In a supplemental brief, the defense argued that because Moffett was not the shooter and lacked intent to kill, Miller precludes a life-without-parole sentence.

Justice Harry Needham, writing for the Court of Appeal, disagreed but said a new hearing must be held.

Miller, he noted, struck down the Alabama law because it made “youth (and all that accompanies it) irrelevant to imposition of that harshest prison sentence” and  did not allow judges to consider young defendants’ “lack of maturity and undeveloped sense of responsibility; their vulnerability to outside pressure and negative influences; their limited control over their own environment and their inability to extricate themselves from crime-producing settings; and their greater ability to change due to their possession of a character that is not as ‘well formed’ as an adult’s.”

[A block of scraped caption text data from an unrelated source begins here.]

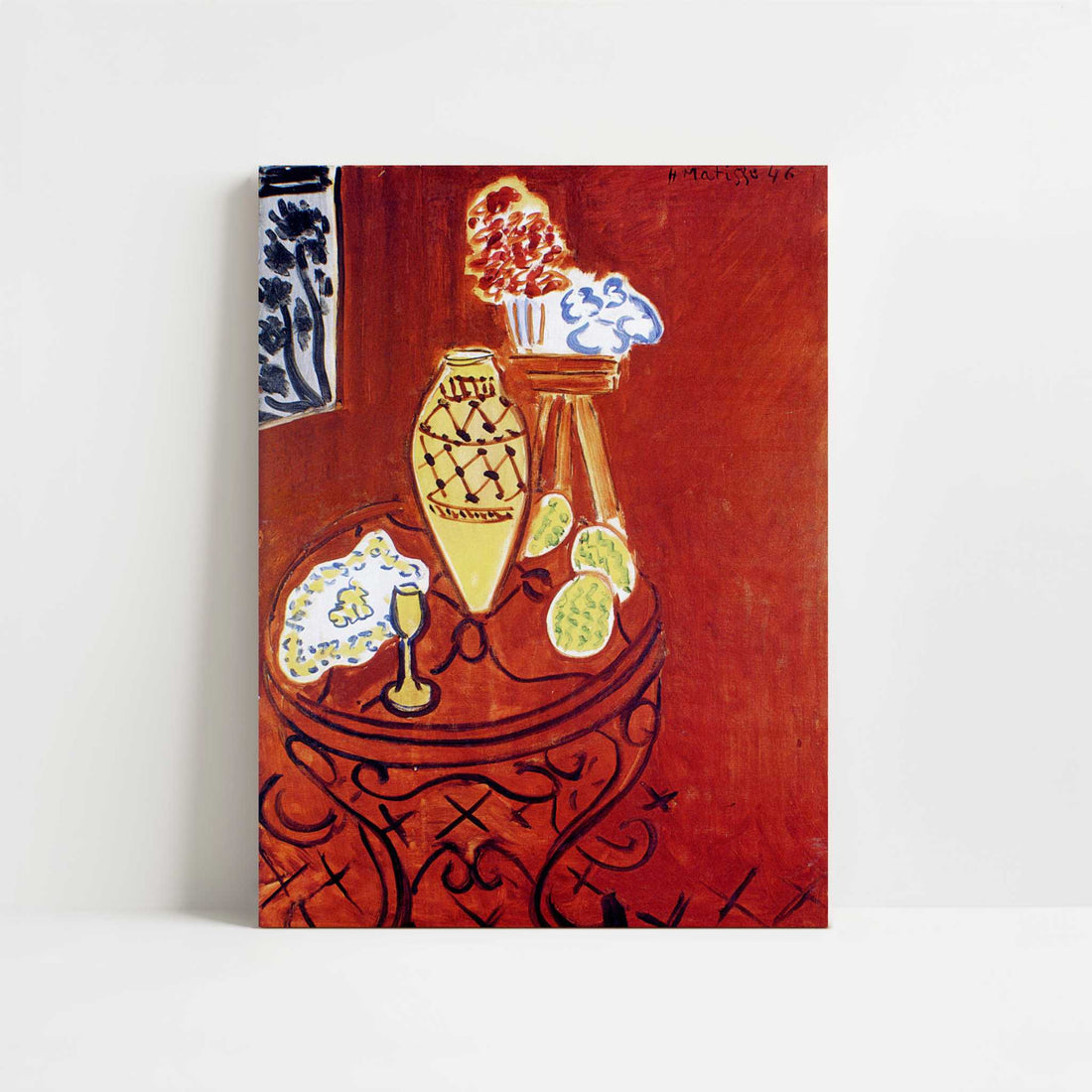 Interior in Venetian Red (1946) by Henri Matisse – Art Print - Unframed art print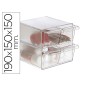Archicubo archivo 2000 4 cajones organizador modular plastico 190x150x150 mm incluye 2 clips de sujecion Archicubo archivo 2000 4 cajones organizador modular plastico 190x150x150 mm incluye 2 clips de sujecion
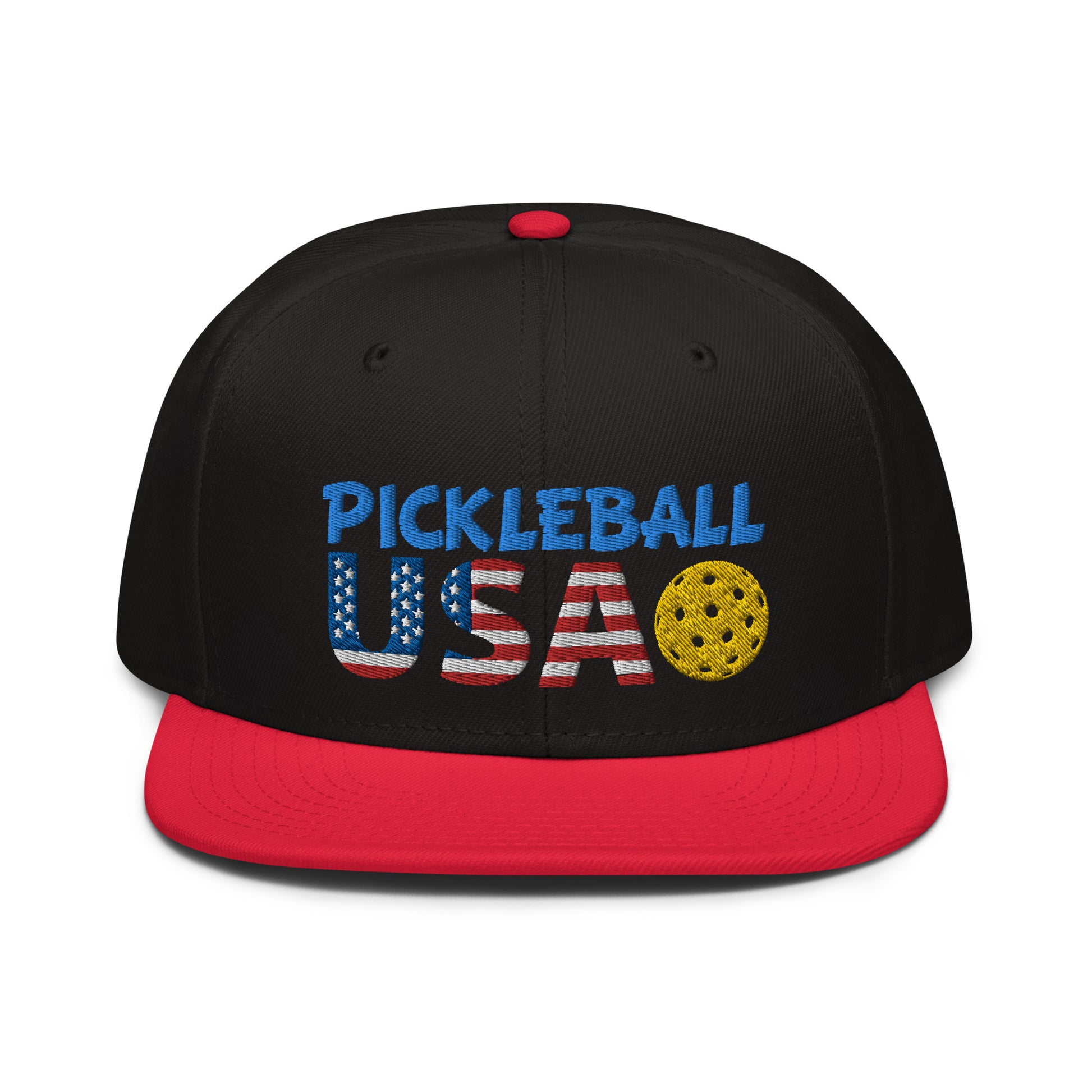 Snapback Hat - "Pickleball USA" + ball - DocDink.com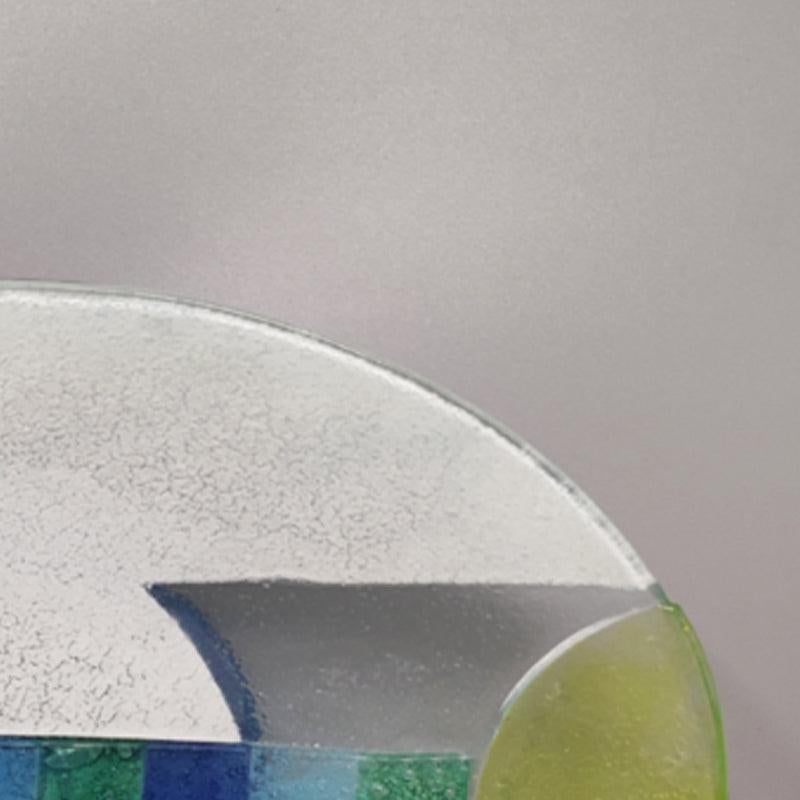 Wunderschöner Tafelaufsatz aus Muranoglas von Dogi aus den 1960er Jahren, hergestellt in Italien im Angebot 1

California’s law, however, does not mandate life-without-parole, but allows the judge to choose between that sentence and 25-years-to-life, Needham noted. But a new hearing is necessary, he said, because there is a reasonable possibility the lesser sentence would have been imposed had the judge not treated life-without-parole as the presumptively correct sentence, pursuant to statute.  

The presumption was “contrary to the spirit, if not the letter, of Miller,” the justice said, as was the judge’s failure to at least consider the lack of intent to kill, and the undue consideration given trauma suffered by the robbery victims, rather than the “paramount factors” that distinguish minors from adults, as set forth by the high court.

But the lack of intent to kill does not, in and of itself, preclude a life-without-parole sentence, the justice explained, because “by finding the felony-murder special circumstances to be true, the jury necessarily determined that appellant was at least a major participant in the underlying robbery who acted with reckless indifference to human life.”

The case is People v. Moffett, 12 S.O.S. 5102.